Any objections to reducing the maximum run time to 12-16 hours?

Message boards : Number crunching : Any objections to reducing the maximum run time to 12-16 hours?

To post messages, you must log in.

AuthorMessage
David Baker
Volunteer moderator
Project administrator
Project developer
Project scientist

Send message
Joined: 17 Sep 05
Posts: 705
Credit: 559,847
RAC: 0
Message 12483 - Posted: 22 Mar 2006, 2:22:03 UTC

Rom is hot on the trail of the remaining bugs, and I'm optimistic that he will make rapid progress. In the meantime, I see from the stuck at 1% thread that some people are having processes stuck for a very long time which is very annoying. We can solve this problem temporarily by reducing the maximum run time. We set this quite high at the time we introduced the user adjustible run time setting so that dial up users could have very long runs, but inadvertently exacerbated the 1% problem. Rom recommends we reduce the maximum time to 12 hours or so.

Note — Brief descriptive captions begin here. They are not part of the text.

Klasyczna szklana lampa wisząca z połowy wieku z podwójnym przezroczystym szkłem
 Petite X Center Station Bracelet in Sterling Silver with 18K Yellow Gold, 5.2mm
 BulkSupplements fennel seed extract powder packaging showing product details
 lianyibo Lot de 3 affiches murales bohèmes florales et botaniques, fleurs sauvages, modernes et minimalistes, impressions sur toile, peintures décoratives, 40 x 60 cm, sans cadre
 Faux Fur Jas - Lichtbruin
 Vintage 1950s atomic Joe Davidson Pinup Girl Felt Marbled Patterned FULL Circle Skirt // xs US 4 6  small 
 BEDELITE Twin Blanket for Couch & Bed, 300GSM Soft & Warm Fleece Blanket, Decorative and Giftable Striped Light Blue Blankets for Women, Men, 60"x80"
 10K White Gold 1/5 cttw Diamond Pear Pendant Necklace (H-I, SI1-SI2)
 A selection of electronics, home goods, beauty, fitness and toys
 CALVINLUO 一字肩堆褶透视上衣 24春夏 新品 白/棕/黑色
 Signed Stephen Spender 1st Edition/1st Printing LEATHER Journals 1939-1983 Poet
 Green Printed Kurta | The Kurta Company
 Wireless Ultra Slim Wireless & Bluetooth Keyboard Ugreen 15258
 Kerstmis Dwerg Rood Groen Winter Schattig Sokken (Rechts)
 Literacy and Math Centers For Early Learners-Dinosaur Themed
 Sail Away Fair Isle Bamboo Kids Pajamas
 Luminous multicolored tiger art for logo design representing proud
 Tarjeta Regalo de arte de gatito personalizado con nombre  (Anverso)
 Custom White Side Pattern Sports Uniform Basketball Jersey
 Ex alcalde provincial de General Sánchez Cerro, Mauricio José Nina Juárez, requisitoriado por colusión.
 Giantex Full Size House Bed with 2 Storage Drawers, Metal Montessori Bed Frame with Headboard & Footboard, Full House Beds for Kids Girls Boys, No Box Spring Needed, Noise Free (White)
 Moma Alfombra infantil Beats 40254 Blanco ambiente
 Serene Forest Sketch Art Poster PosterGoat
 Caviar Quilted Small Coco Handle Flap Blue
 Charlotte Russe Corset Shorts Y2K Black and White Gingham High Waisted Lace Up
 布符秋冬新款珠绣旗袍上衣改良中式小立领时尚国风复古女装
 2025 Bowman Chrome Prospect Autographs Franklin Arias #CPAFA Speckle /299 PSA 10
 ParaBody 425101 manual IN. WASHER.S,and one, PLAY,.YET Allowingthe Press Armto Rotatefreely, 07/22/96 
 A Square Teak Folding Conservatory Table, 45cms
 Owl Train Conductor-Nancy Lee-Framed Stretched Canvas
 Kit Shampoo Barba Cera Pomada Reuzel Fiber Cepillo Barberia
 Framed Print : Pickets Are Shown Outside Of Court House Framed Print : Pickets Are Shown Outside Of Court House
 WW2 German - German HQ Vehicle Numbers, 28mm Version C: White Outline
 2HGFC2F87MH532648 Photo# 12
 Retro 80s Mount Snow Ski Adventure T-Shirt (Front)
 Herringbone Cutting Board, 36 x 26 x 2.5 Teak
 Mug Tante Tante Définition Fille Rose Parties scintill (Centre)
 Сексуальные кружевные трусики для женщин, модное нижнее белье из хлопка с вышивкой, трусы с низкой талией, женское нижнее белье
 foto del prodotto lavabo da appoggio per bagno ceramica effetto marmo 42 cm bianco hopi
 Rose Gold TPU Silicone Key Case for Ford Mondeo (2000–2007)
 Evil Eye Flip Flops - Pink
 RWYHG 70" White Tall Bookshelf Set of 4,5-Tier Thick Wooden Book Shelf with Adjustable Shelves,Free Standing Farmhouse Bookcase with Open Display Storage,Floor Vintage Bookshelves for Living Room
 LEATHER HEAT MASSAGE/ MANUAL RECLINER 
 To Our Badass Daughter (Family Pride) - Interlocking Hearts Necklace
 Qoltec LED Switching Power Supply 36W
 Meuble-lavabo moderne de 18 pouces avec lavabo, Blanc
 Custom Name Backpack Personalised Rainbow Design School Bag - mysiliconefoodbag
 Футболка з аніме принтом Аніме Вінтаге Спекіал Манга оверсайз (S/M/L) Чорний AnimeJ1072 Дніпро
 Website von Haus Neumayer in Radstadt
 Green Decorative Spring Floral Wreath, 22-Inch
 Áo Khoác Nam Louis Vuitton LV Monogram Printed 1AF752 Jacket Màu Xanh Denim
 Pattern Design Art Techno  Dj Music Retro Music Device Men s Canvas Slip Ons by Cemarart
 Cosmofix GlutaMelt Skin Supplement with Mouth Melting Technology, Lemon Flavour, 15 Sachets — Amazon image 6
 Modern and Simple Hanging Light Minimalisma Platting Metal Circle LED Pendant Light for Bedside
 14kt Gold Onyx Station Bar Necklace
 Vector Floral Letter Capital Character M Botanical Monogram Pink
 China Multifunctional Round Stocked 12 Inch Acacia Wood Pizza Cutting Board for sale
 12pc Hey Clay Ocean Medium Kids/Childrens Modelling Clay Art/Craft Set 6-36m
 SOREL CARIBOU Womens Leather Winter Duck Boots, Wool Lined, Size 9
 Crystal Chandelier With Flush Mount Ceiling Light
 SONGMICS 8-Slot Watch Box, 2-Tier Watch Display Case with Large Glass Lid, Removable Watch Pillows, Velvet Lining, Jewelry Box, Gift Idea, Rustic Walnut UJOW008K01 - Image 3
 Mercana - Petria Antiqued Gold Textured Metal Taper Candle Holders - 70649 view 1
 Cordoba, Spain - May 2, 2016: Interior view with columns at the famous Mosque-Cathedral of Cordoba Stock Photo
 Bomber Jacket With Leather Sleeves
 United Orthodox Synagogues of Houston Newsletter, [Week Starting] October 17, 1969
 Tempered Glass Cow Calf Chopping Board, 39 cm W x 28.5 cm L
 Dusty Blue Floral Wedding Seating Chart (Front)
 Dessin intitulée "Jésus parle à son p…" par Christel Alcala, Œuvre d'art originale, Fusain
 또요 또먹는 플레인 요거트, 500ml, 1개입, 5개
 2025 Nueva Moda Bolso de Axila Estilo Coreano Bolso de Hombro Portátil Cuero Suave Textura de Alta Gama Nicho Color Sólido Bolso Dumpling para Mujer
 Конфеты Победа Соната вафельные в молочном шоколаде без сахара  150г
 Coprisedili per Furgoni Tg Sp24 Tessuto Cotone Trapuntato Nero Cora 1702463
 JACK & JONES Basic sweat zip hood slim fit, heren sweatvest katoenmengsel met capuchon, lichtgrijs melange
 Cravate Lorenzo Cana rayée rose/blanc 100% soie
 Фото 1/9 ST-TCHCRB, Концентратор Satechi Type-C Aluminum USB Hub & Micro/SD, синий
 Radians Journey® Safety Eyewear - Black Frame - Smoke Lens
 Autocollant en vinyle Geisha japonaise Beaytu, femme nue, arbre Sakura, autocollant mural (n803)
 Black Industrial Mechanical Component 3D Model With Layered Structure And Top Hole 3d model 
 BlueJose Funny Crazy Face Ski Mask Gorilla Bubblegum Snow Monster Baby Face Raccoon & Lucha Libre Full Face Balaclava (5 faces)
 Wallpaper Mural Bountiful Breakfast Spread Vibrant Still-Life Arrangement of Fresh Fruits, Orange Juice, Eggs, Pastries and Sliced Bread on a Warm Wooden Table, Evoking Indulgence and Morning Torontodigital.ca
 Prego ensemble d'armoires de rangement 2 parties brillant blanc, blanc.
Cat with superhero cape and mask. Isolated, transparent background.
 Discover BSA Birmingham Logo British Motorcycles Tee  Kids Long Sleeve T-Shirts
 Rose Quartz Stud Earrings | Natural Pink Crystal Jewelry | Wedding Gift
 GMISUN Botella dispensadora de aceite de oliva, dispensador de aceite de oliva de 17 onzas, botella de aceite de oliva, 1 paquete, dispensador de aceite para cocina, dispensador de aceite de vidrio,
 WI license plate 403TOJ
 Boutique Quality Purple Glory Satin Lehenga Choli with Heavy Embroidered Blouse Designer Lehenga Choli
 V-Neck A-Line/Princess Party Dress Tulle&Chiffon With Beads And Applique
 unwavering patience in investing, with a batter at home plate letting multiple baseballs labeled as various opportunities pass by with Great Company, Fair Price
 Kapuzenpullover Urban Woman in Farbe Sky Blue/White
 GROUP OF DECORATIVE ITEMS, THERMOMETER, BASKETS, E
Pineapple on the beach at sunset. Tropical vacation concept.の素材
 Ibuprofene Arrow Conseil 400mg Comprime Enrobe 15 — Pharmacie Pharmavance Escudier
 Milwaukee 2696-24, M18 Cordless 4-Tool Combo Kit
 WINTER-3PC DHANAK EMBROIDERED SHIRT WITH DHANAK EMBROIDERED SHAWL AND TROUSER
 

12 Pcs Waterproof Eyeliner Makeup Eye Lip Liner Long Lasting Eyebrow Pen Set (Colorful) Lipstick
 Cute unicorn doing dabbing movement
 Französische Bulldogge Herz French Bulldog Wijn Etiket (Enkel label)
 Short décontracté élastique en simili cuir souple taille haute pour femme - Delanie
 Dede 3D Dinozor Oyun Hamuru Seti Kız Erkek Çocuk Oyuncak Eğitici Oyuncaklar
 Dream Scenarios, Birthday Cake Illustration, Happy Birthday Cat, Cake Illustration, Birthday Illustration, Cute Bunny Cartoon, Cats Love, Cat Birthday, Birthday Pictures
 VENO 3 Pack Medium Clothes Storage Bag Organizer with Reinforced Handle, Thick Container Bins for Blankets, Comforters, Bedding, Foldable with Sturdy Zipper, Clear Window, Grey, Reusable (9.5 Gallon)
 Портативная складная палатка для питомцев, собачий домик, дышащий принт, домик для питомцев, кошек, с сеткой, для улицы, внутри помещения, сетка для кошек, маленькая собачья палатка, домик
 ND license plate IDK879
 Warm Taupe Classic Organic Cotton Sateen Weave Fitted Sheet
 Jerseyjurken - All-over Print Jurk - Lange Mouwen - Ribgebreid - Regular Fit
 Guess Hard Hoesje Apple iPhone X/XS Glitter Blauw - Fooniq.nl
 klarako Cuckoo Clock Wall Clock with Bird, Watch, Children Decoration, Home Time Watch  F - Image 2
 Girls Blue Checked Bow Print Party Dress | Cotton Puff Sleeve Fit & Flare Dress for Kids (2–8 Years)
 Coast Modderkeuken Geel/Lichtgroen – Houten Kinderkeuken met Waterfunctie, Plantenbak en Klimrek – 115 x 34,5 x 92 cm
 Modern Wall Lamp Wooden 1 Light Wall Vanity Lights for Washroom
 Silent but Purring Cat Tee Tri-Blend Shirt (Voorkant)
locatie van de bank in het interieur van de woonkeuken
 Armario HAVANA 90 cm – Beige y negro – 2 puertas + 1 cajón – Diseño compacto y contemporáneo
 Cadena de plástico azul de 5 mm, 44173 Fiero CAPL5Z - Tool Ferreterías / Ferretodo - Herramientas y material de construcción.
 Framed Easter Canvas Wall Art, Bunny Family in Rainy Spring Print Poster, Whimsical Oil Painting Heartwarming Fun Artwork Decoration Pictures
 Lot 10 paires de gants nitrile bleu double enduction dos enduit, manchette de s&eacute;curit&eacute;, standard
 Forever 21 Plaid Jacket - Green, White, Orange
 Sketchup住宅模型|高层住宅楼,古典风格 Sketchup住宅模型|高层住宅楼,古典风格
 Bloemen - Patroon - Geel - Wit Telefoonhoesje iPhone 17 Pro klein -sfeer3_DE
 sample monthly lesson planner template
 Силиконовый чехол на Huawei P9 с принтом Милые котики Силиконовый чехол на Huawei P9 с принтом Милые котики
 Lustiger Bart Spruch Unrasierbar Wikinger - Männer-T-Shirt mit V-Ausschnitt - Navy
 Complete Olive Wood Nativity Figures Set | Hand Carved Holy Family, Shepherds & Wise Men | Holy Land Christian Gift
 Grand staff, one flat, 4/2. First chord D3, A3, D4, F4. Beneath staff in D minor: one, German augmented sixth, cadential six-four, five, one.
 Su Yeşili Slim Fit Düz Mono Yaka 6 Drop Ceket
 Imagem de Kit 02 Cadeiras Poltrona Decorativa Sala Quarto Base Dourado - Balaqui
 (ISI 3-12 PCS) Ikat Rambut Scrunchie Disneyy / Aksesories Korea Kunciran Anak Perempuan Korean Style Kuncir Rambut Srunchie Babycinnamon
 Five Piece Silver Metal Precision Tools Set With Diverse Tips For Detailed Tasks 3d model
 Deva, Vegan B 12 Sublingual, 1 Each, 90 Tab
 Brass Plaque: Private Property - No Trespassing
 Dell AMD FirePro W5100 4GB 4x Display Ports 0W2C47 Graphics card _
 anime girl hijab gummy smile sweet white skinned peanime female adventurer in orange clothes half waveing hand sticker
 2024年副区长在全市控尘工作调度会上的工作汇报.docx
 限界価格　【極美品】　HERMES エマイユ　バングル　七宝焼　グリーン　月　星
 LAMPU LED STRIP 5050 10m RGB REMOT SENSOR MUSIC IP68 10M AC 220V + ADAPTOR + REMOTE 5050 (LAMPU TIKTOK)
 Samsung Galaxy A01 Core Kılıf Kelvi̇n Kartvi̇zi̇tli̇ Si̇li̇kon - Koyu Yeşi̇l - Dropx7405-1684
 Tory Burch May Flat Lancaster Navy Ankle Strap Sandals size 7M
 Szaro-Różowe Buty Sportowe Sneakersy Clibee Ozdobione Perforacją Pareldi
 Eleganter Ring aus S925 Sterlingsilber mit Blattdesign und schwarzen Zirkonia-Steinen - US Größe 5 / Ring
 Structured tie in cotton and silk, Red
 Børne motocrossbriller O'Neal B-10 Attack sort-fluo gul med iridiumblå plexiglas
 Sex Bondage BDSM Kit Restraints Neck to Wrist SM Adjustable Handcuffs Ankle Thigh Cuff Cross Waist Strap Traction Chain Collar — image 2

The only drawback is for dialup users who want very long work units. Rom suggests they load up on work units each time they log in, and with 12 hour work units this could last for a while.

So the question is: are there any objections to reducing the maximum time to 12 hours. Unfortunately, this is a work unit level parameter, and cannot be changed by the user.
ID: 12483 · Rating: 0 · rate: Rate + / Rate - Report as offensive    Reply Quote
Darren
Avatar

Send message
Joined: 6 Oct 05
Posts: 27
Credit: 43,535
RAC: 0
Message 12484 - Posted: 22 Mar 2006, 3:08:41 UTC - in response to Message 12483.  
Last modified: 22 Mar 2006, 3:10:34 UTC

So the question is: are there any objections to reducing the maximum time to 12 hours. Unfortunately, this is a work unit level parameter, and cannot be changed by the user.


I'm one of those (probably few) who use long runtimes. I would just ask that you keep us updated as to the time frame - specifically, let us know when the option for long runtimes is back. My preference for it is a little different from that of the dial-up users in that my internet connection is by cellular modem. The amount of data transfered isn't a problem, but rosetta for some reason gives me much more grief than other projects when there are gaps in the data flow. If a particular file times out on other projects it starts right back up 60 seconds later and the work unit runs fine after it all finally gets here. When any individual file in the download times out with rosetta, the download always starts back up but once it all gets here the work unit immediately reports a download error.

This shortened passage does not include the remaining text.